§ HOW TO COMPLETE THIS TASK: Starting with the line that contains "Обивка задней двери" and ending with the last line of the entries, repeat exactly those lines and nothing else, pictures excluded.

§ DATA SHOWN:
------------------------------------------------------------------------

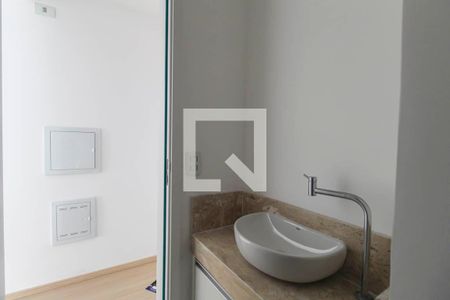 Lavabo de apartamento para alugar com 2 quartos, 93m² em Vila Independencia, São Paulo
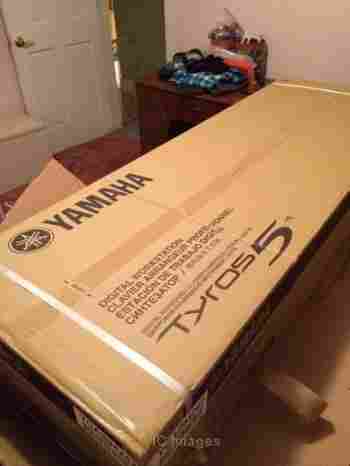 Buy New:- Yamaha Tyros 5 keyboard / Korg pa3x pro keyboard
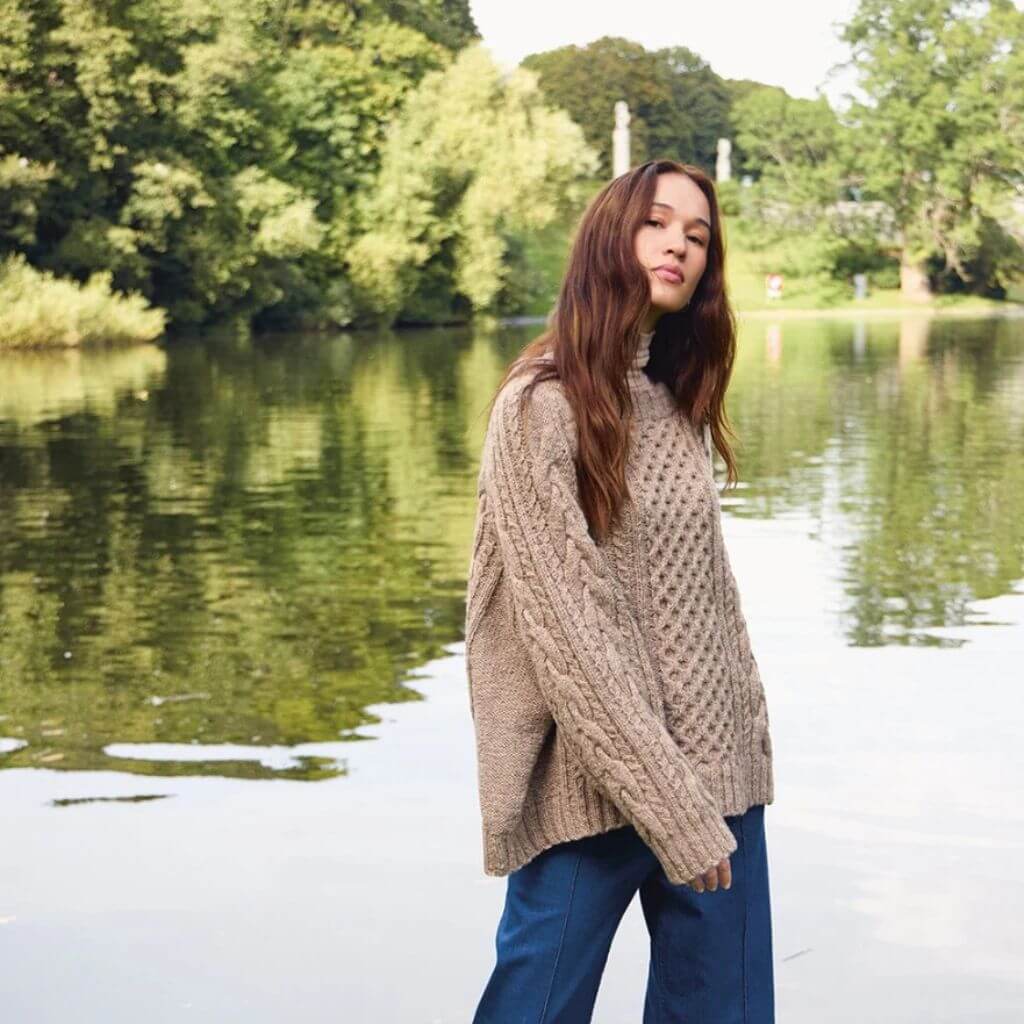 Sandnes Garn Wilbur Cable Sweater Strickanleitung - Sandnes Garn (Heft) bei bei bei bei Lieblingsgarn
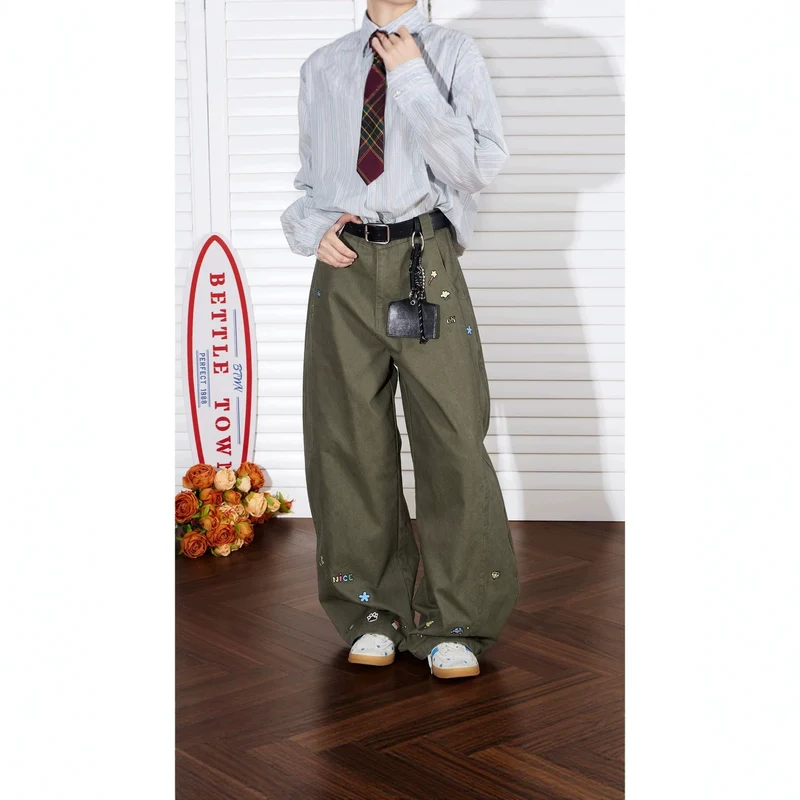 Damen Weitgeschnittene Cargo-Hose mit bunten Applikationen Nord Taschen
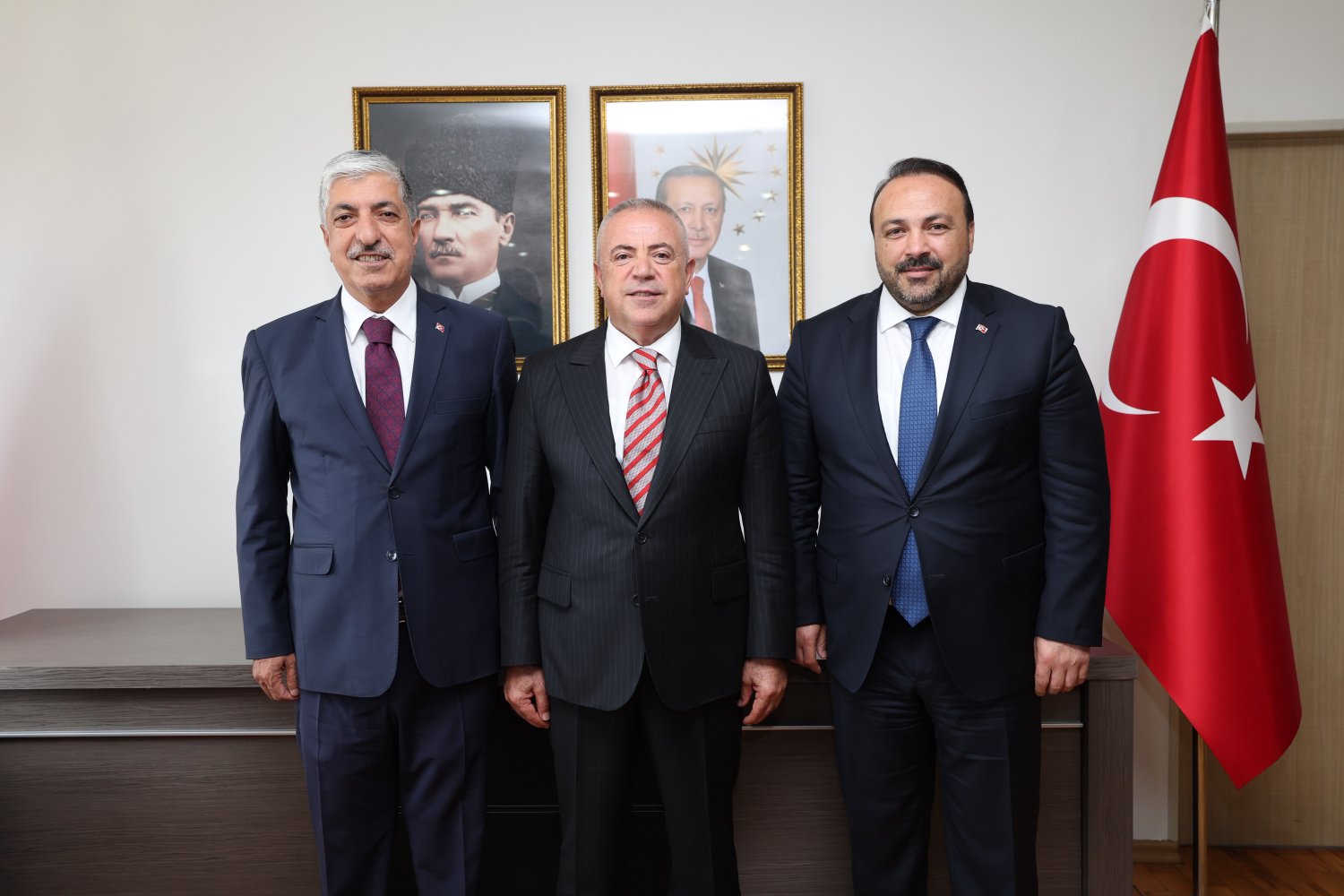 Ömeroğlu Ve Yıldırım'dan Kaymakam Çelik'e Hayırlı Olsun Ziyareti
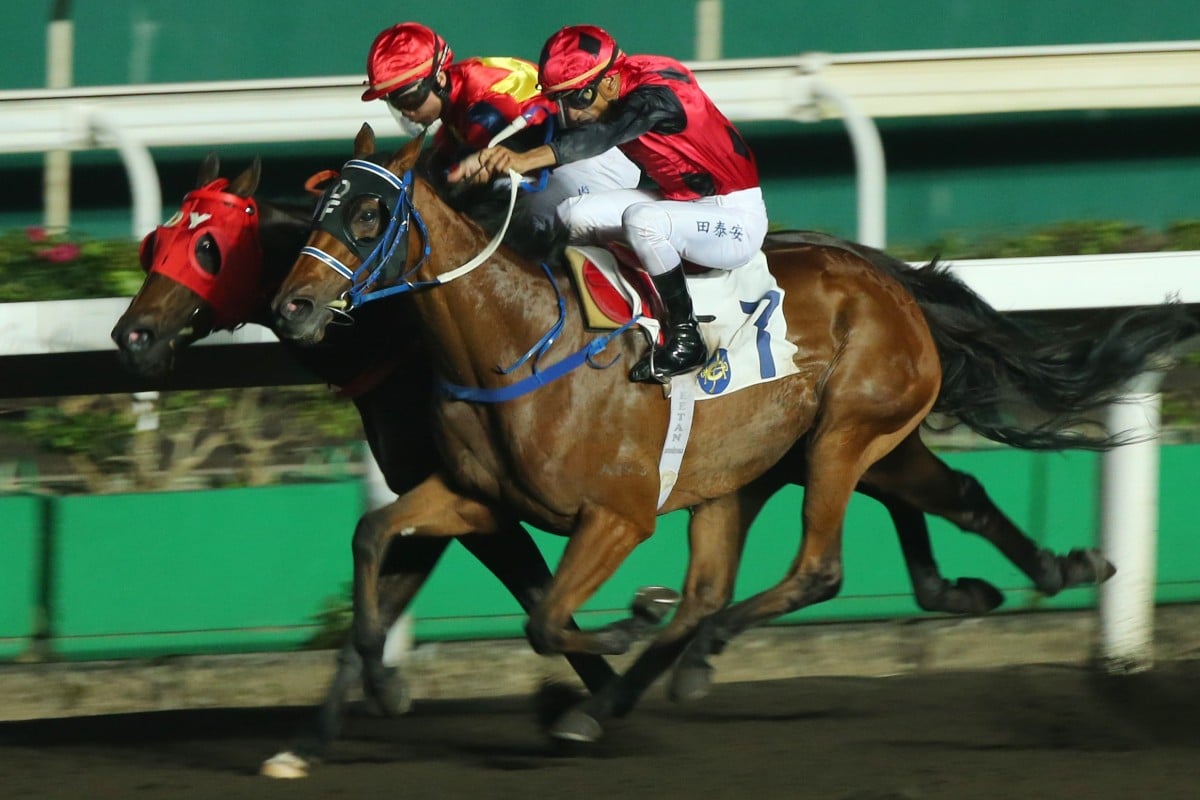 Karis Teetan drives General Dino to the front at Sha Tin on Wednesday night. Photos: Kenneth Chan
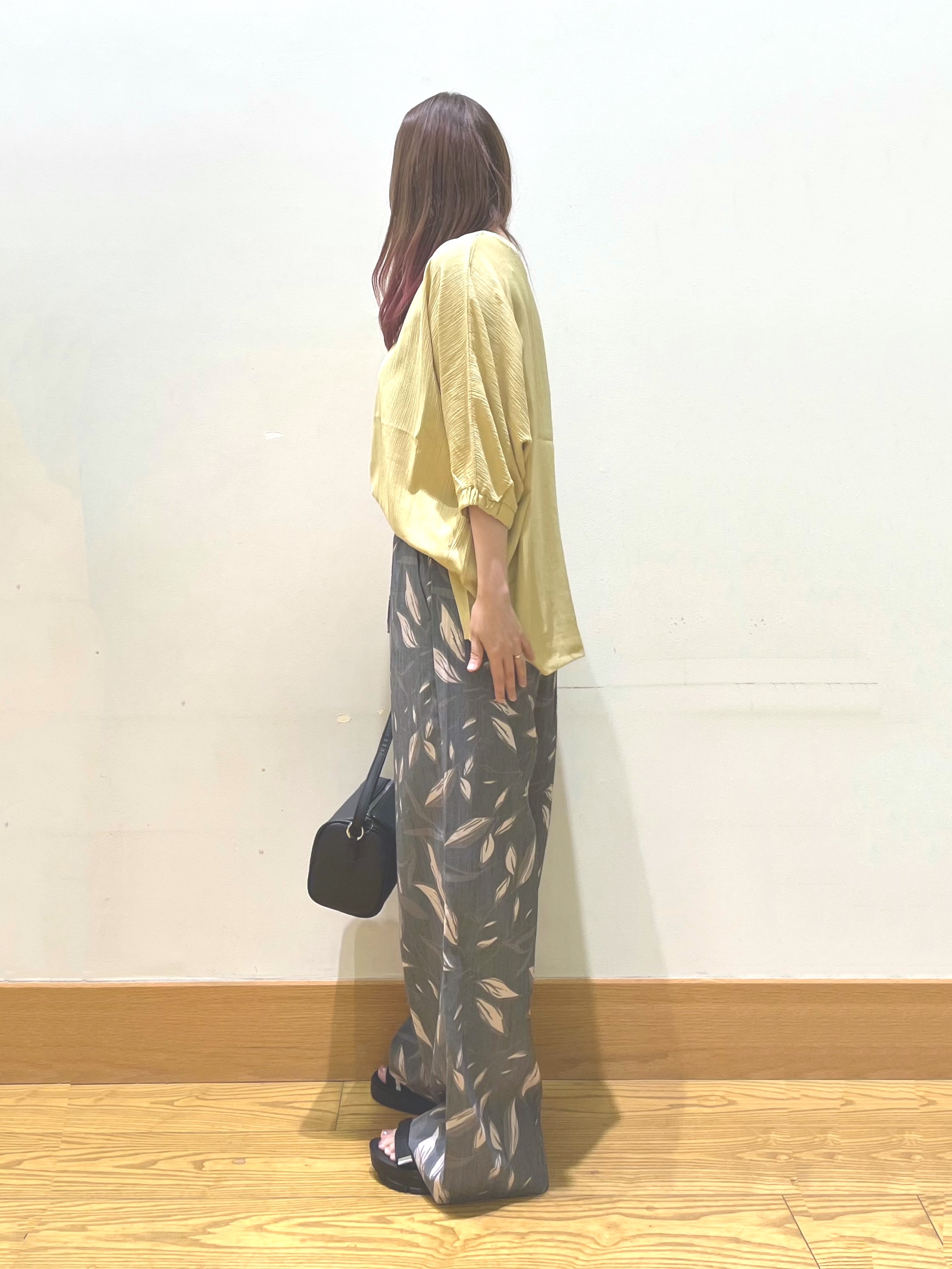ゆっきーさんの「SHOO･LA･RUE｜【インせず着られる/洗濯後しわになりにくい】シボシボドルマンブラウス」を使ったコーディネート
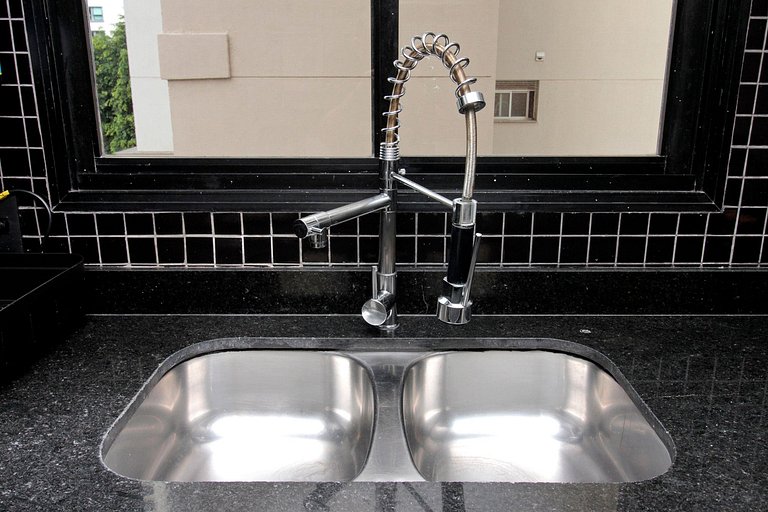 Wehome - Impecable, con dos suites y oficina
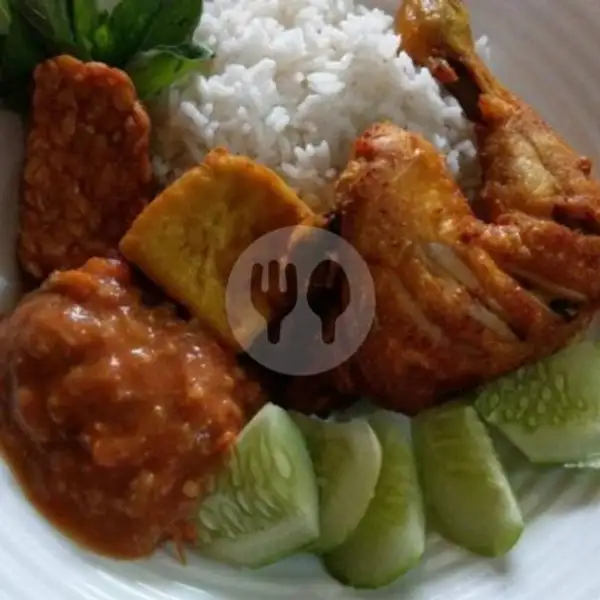 Nasi Pecel Ayam | makanan cemilan BDL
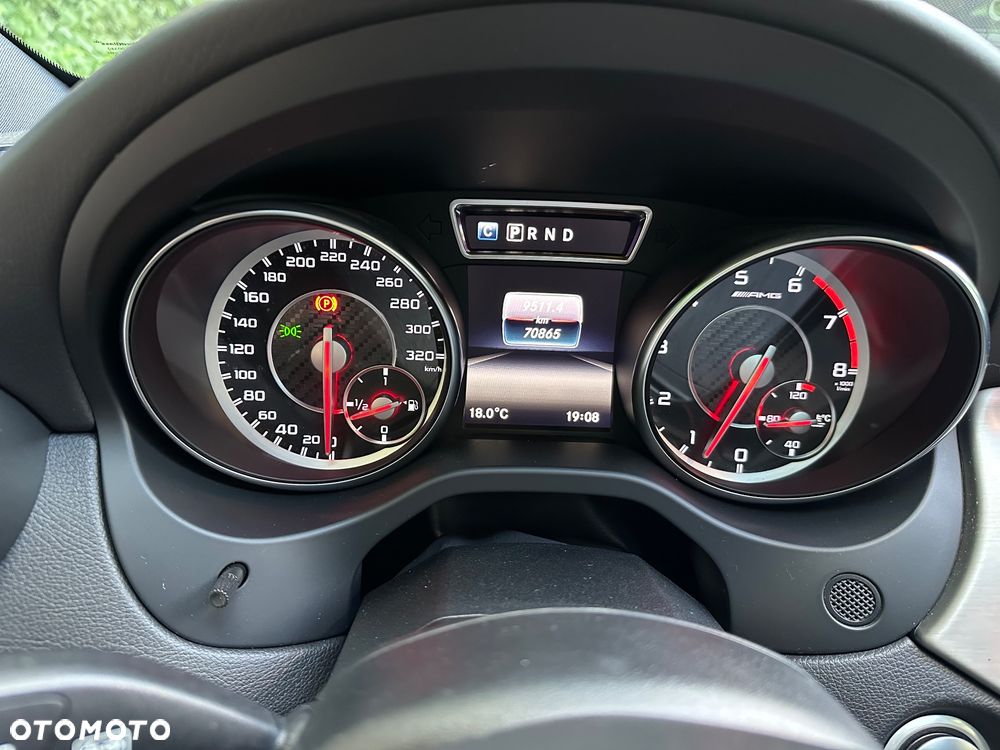 Mercedes-Benz GLA AMG 45 4-Matic - 8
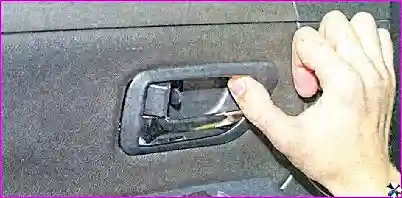 Обивка задней двери – снятие и установка Снятие и установка деталей задней двери автомобиля Hover-H3/H5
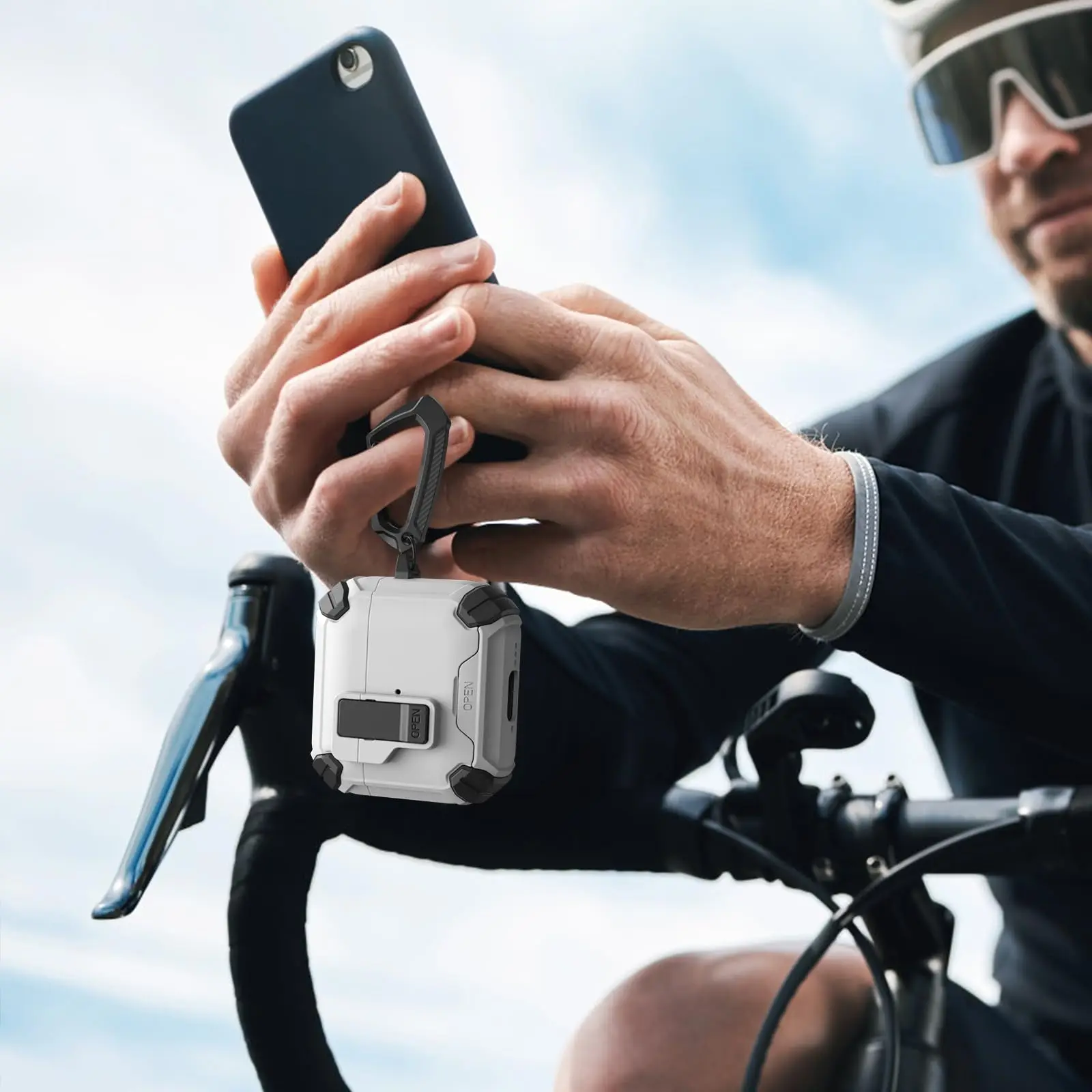 Etui na AirPods 4 z uchwytem na telefon Automatyczne otwieranie Pełna ochrona Bezpieczne etui z zestawem czyszczącym i brelokiem do kluczy dla AirPods 4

------------------------------------------------------------------------

§ SOLUTION FOR THIS PROBLEM:
 Обивка задней двери – снятие и установка Снятие и установка деталей задней двери автомобиля Hover-H3/H5
 Etui na AirPods 4 z uchwytem na telefon Automatyczne otwieranie Pełna ochrona Bezpieczne etui z zestawem czyszczącym i brelokiem do kluczy dla AirPods 4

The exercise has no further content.